Manufacturer, merchant, land developer. Born on December 28, 1834, in Martin County, North Carolina, Burroughs was the son of Anthony Burroughs and Ethelinda Cobb. Entering into farming at a young age, Burroughs soon became frustrated with the business. In 1857, with a gift of $40 from his mother, Burroughs left North Carolina to work for a cousin in a mercantile and turpentine business at Conway, South Carolina. That same year, on his own initiative, he won contracts to construct a bridge and gallows for the town. The following year he became involved in the short-lived partnership of Singleton and Burroughs.
In July 1861 Burroughs entered the military as a private in the Confederate service. After nine months of coastal defense duty in the Georgetown area, he took part in heavy fighting, including the battles of Chickamauga, Missionary Ridge, Atlanta, and Franklin. In December 1864 he was captured in the Battle of Nashville and imprisoned at Camp Douglas near Chicago. On his way home after the war, he was quartered at Greensboro (North Carolina) Female Institute and was so well cared for there that he later sent four of his five daughters to the institute. On November 15, 1866, he married Adeline Cooper of Conway. They had eleven children, eight surviving infancy.

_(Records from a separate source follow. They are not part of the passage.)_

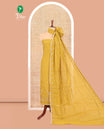 Mehendi Green Mul Chanderi Material Churidar Features a Floral Outline Embroidered Top, a Santoon Bottom, a Scallop Threadwork Dupatta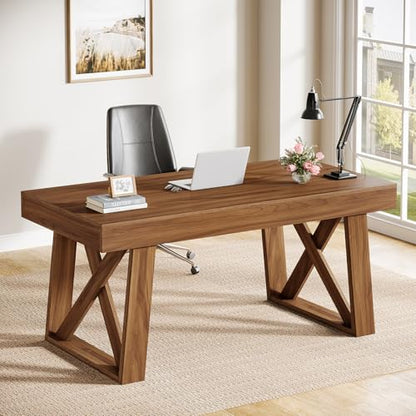 Tribesigns 55-inch Computer Desk with Drawer, Retro Walnut Big Home Office Desk, Modern Executive Desk Writing Desk Workstation Table for Home
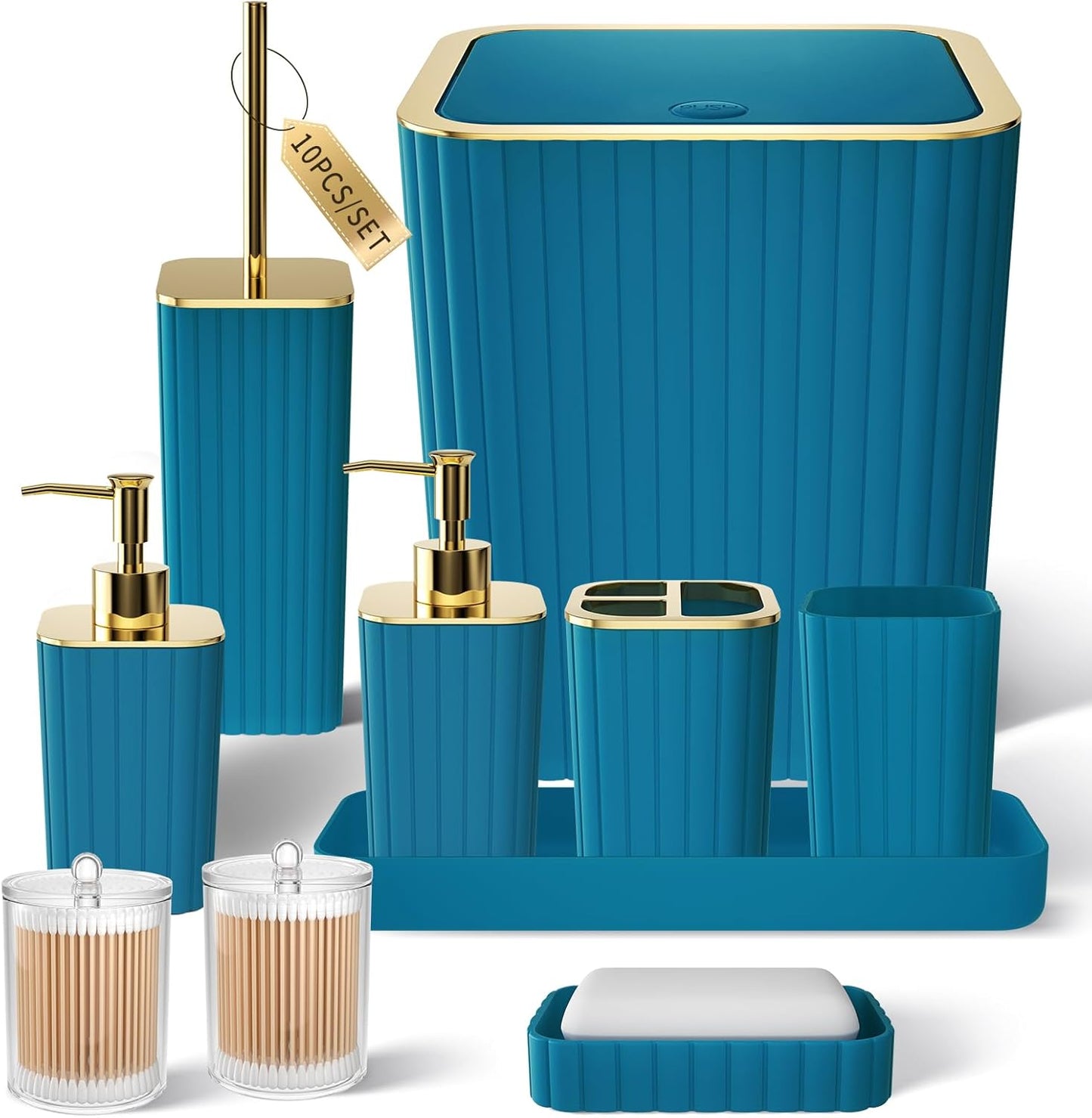 Bathroom Set with Shower Curtain and Rugs- 25PC Bathroom Accessory Set, Black Shower Curtain Set, Toilet Brush, Trash Can, Qtip Holder Dispenser & Soap Dispenser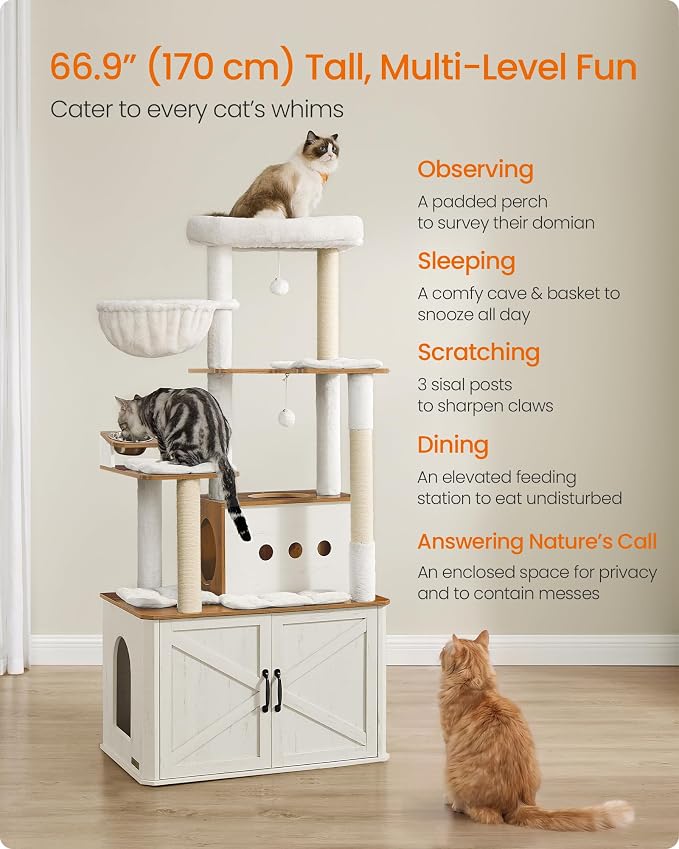 Feandrea Cat Tree, 66.9-Inch Cat Tower with Litter Box Enclosure, Large Condo with Food Station, Storage, Scratching Posts, Cave, Hammock, Washable Cushions, Rustic White and Honey Brown UPCT169W201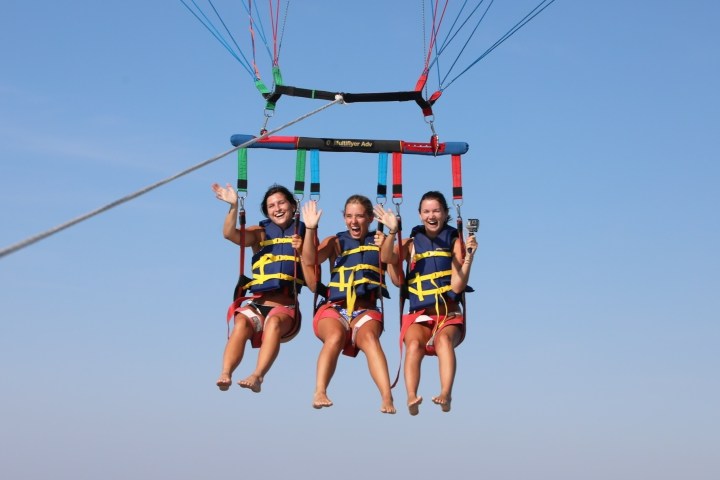 a person jumping up in the air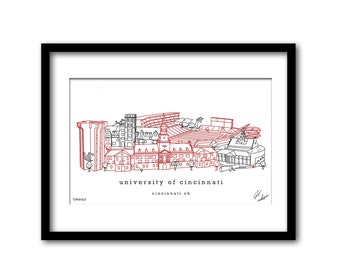 University of Cincinnati Campus Illustration Graduation Gift Wall Art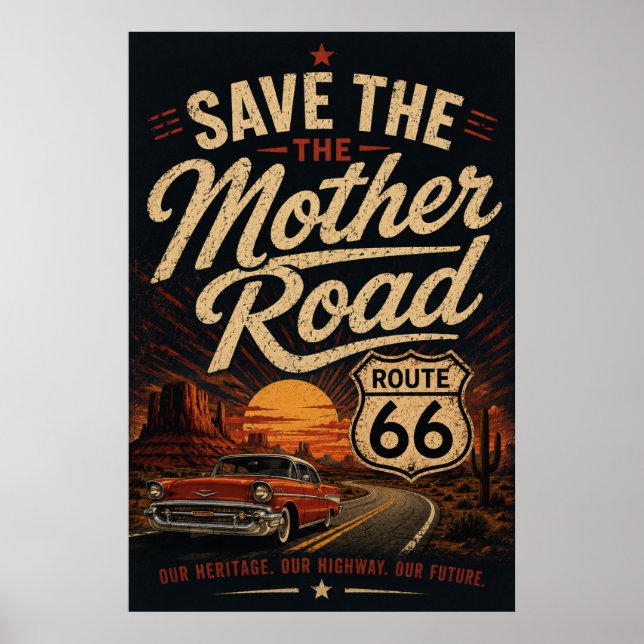 Poster Salve a Rota 66 dos Carros Clássicos  (Frente)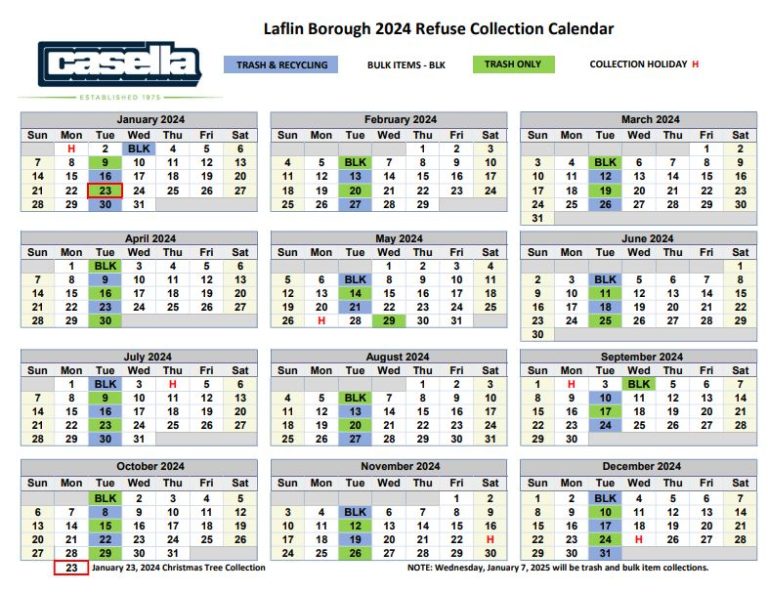 2024 Laflin Borough Refuse Collection Calendar Laflin Borough on the Web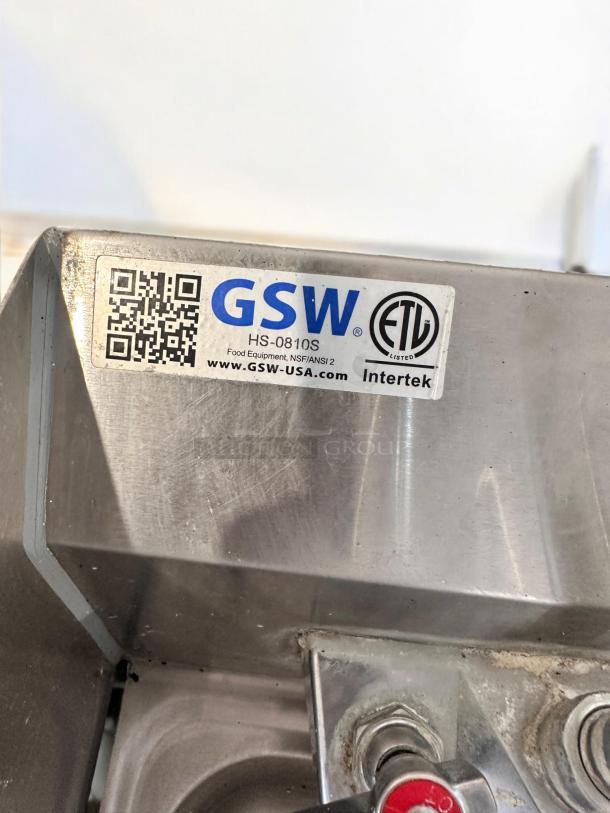 GSW HS-0810S stainless steel wall-mount hand sink with faucet, excellent condition, tested, includes side splash and label.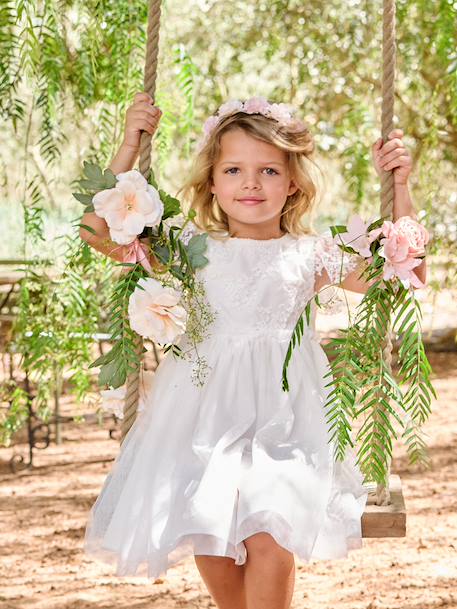 Robe fille dentelle et tulle blanc - vertbaudet enfant 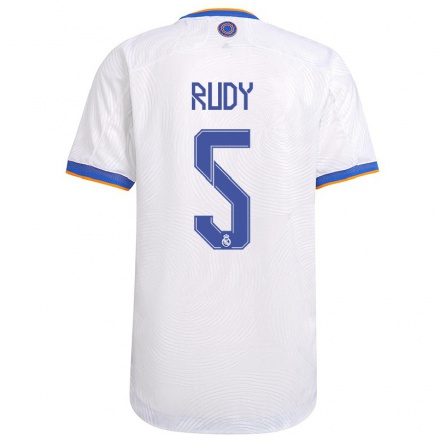 Niño Fútbol Camiseta Fernandez Rudy #5 Blanco 1ª Equipación 2021/22 Camisa Chile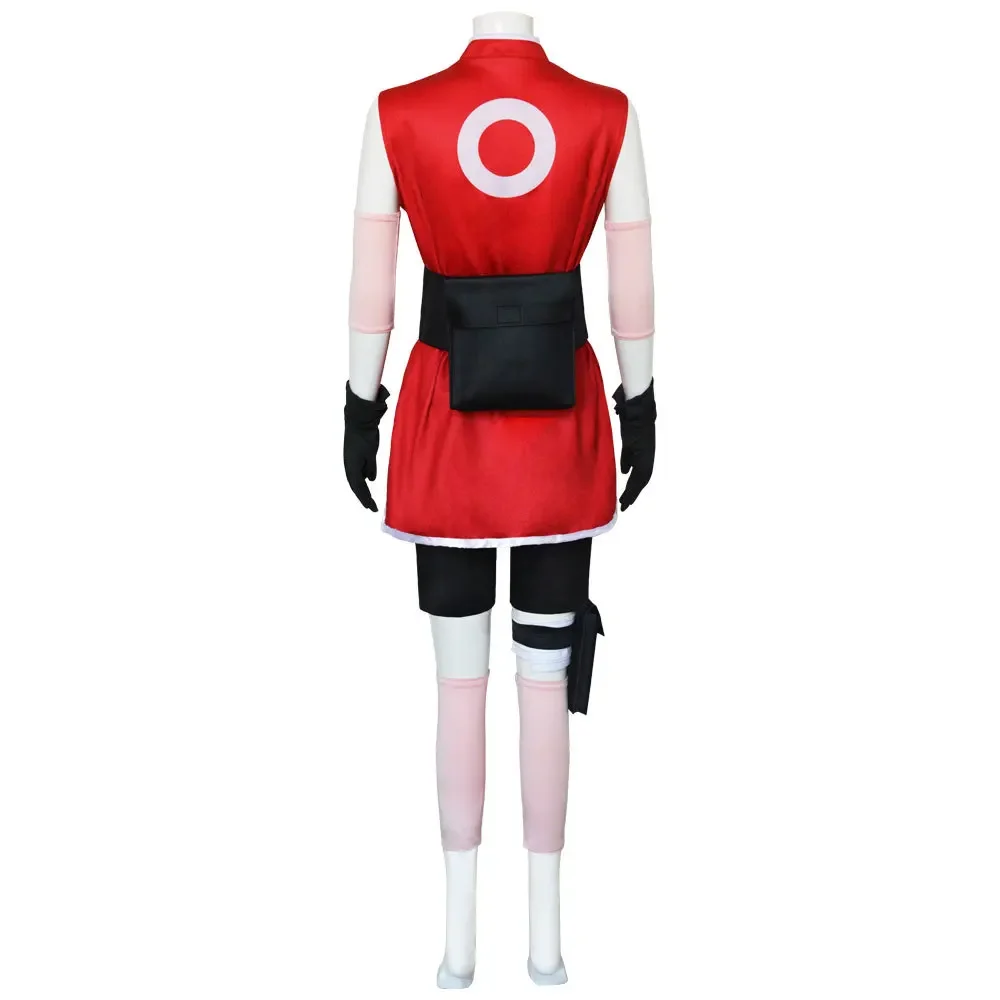 Haruno Sakura Cosplay Set completo di abbigliamento vestito parrucca femminile Ninja Haruno Costume costumi di Halloween per le donne Anime Haruno Sakura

After his marriage, Burroughs expanded his turpentine and retail businesses. Among his partners were William D. Gurganus, a relative, and Hampton Hart. In 1895 Burroughs and B. G. Collins incorporated a partnership dealing with manufacturing, naval stores, land, and mercantile stores in key Horry County localities. The naval stores business declined after an 1893 hurricane ravaged timberland, but their real estate business thrived. Although he never displayed an interest in politics, Burroughs was recognized as one of Horry County’s dominant figures from 1870 to his death in 1897. He lacked formal schooling but believed strongly in education and dominated the local school board. He saw that his daughters received higher education. Burroughs never spent the $40 he brought from North Carolina but passed the original coins down to his eight children.
Although Myrtle Beach was not founded in his lifetime, Burroughs dreamed of a coastal resort midway between New York and Miami. He set in motion the building of a railroad to what is now Myrtle Beach, and his sons completed his plan—a major step toward developing the resort. His widow named Myrtle Beach for the plant that thrived there. The Burroughs heirs, along with Simeon Chapin, built a remarkable business that was to include forestry, farming, shopping centers, theme parks, and golf courses. Burroughs died on February 25, 1897. He was inducted into the South Carolina Business Hall of Fame in 1993.
Bedford, A. Goff. The Independent Republic: A Survey of Horry County South Carolina History. 2d ed. Conway, S.C.: Horry County Historical Society, 1989.
Lewis, Catherine H. Horry County, South Carolina, 1730–1993. Columbia: University of South Carolina Press, 1998.
Lunan, Bert, and Robert A. Pierce. Legacy of Leadership. Columbia: South Carolina Business Hall of Fame, 1999.